The recent publication of the University figures for animal experimentation in 2016 will have left many in a state of confusion.  As members of an activist generation, should we be storming our way to the Chancellor’s office and demanding the cessation of such cruelty on our campus, or is there in fact another side to the story?

‘Educated discourse is too often drowned by angry voices, seldom grounded in fact and reality’

The answer to such a  question remains unclear, mainly due to our society’s lack of understanding when it comes to the who, what and where of animal research. Educated discourse is too often drowned by angry voices, seldom grounded in fact and reality, whilst research departments remain secretive kingdoms closed off from public view.

This year I had a two-week placement in such an establishment and I admit I arrived wholly sceptical about the sights I was about to witness. Images of white rabbits tied down to tables, with scientists injecting every chemical under the sun sprung rapidly to mind. I am after all, the girl who read Peter Singer throughout her youth, appalled with every page documenting yet another cruel and needless experiment- particularly those involving primates in the US.

‘I found the unit to be … cruelty free’

Thankfully I found the unit to be primate -and I would go one step further to add – cruelty free. Cruelty after all is defined as ‘indifference to and pleasure in inflicting suffering’, not applicable in any shape or form to the animal care I saw taking place within the establishments walls. The interior was calm and clean – with rodents housed in containers – each furnished with sawdust, nesting material, water and food. As well as enrichment in the shape of cardboard tubes and plastic houses to shelter under – just as you gave your hamster as a child.

‘Far more stringent measures for lab rodents than the legislation which surrounds your cat, dog or horse’

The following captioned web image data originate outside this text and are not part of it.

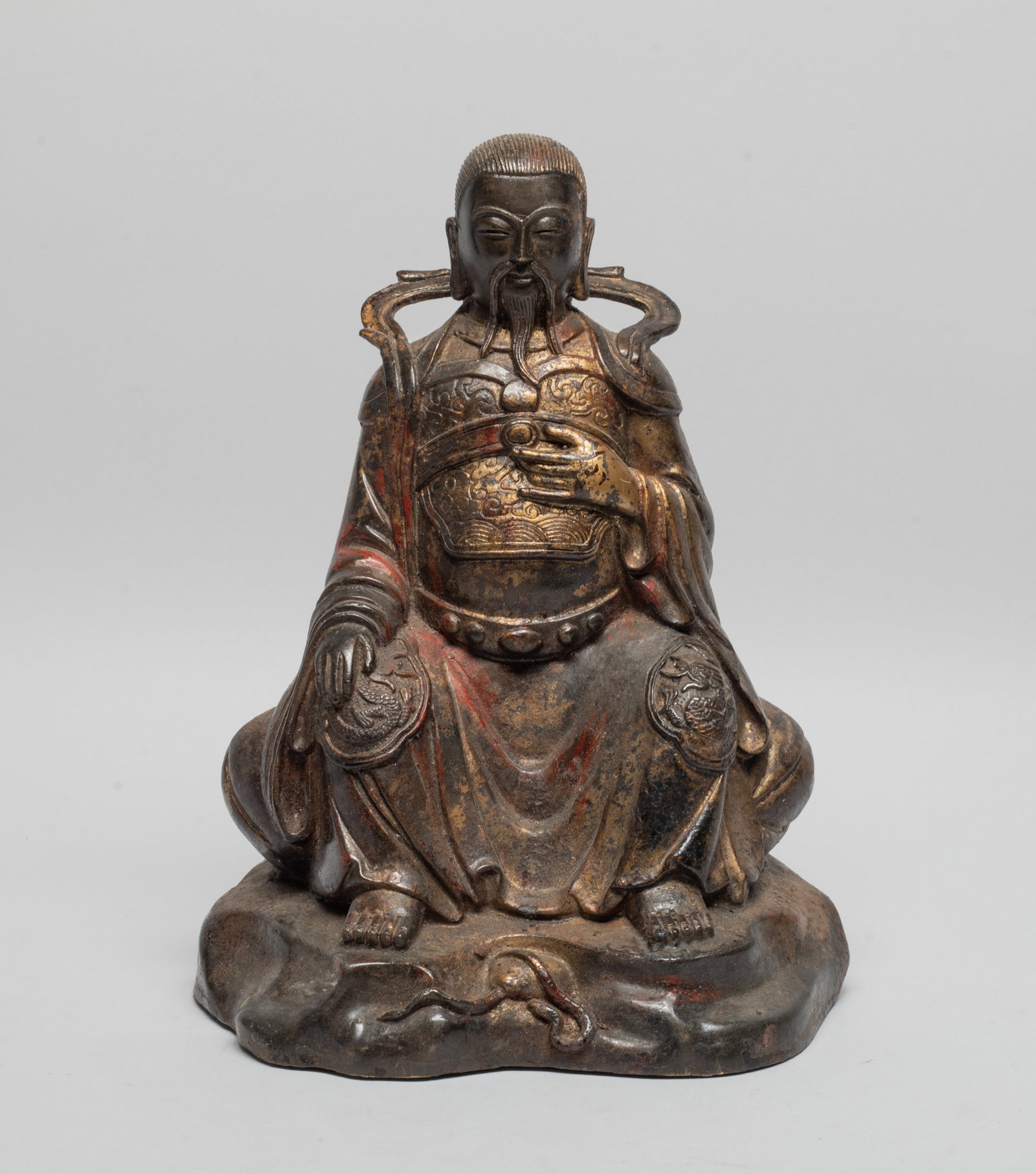 Chinese Painted Bronze Sculpture of Buddha: The painted bronze Buddha cast in seated position, wearing a long flowing robe, the chest carved with clouds and waves, the knees carved with dragons. Approx. 9.5*7.2*5.4 inch.
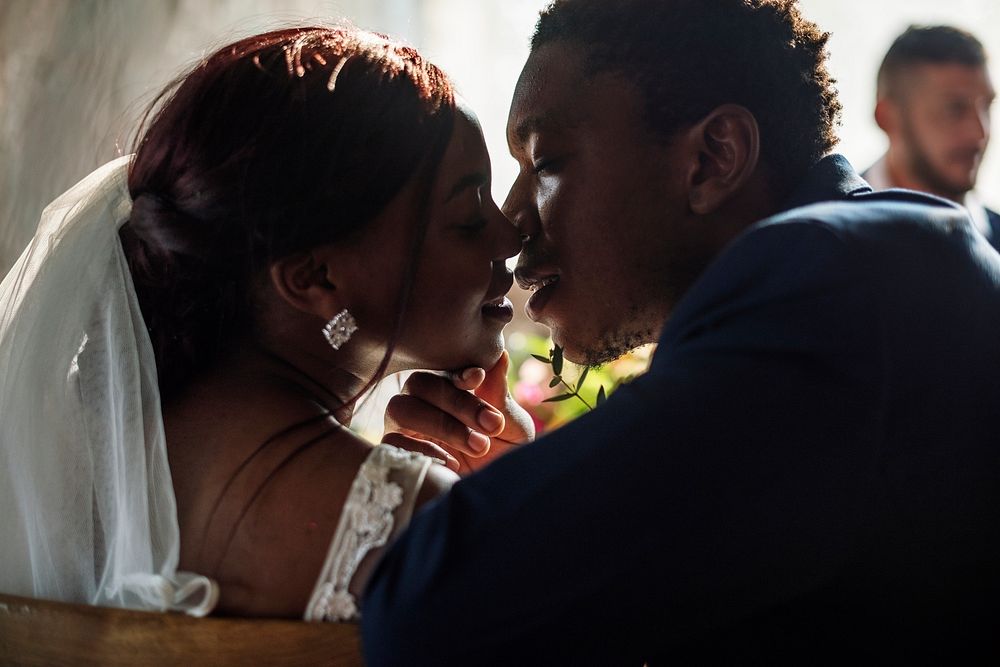 Newlywed African Descent Bride Kissing Groom Wedding Celebration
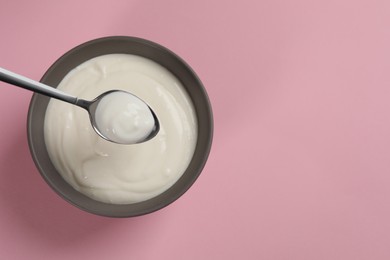 Photo of Eating tasty yogurt from bowl on pink background, top view. Space for text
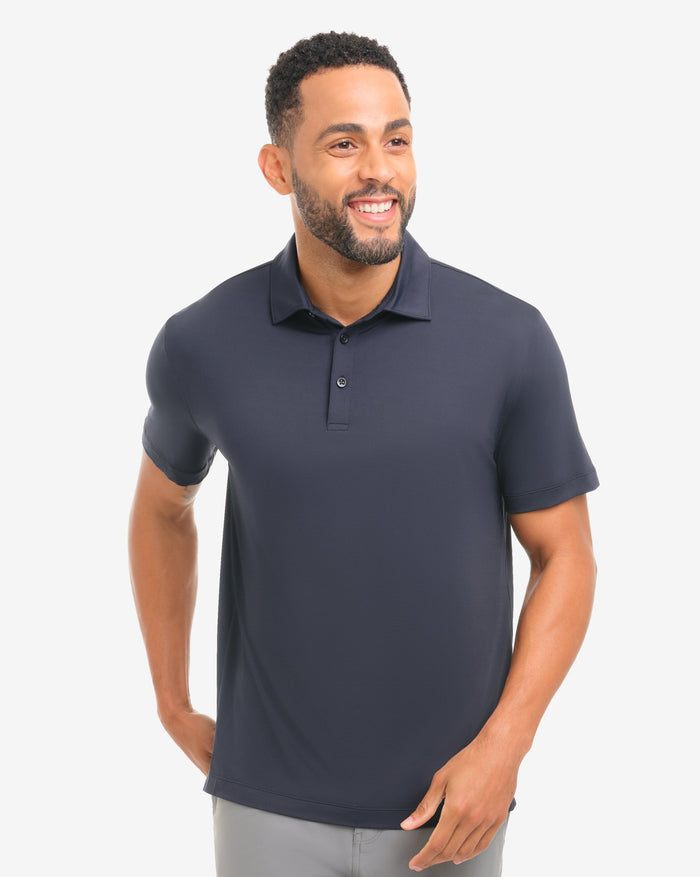 Man wearing a black polo shirt and gray shorts on a white background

Every animal within the University’s walls, that’s 26,990 in 2016, will be accounted for by means of a licence. Granted by the Home Office, this states the severity of the procedure  – rated mild, moderate or  – as well as stipulating which staff members are legally responsible for the animal. These licences are legally approved by a select committee at the University – a panel containing a Veterinary Surgeon, Welfare Officer and Lay member (A randomly selected member of University staff). All this legality is part and parcel of the Animals in Scientific Procedures Act 1986 (ASPA) and, as far as legislation goes, it is one of the most water tight in the UK’s’ legal tool box’ of animal protection with arguably far more stringent measures for lab rodents than the legislation which surrounds your cat, dog or horse.

The ASPA will also require Animal Technicians to work within the Universities midst. Separate from the researchers, these individuals oversee the day to day running of the unit, checking every animal daily and alerting the Named Veterinary Surgeon to any welfare concerns. I worked with similar Technicians for 2 weeks, side by side as we cleaned out countless cages and topped up endless water bottles. Many of them had a similar degree to my own, but all of them had a deep rooted passion for ensuring the health and wellbeing of the individuals in their care.

‘Too often we quote the needless use of cosmetics testing …  but what of research that improves human life?’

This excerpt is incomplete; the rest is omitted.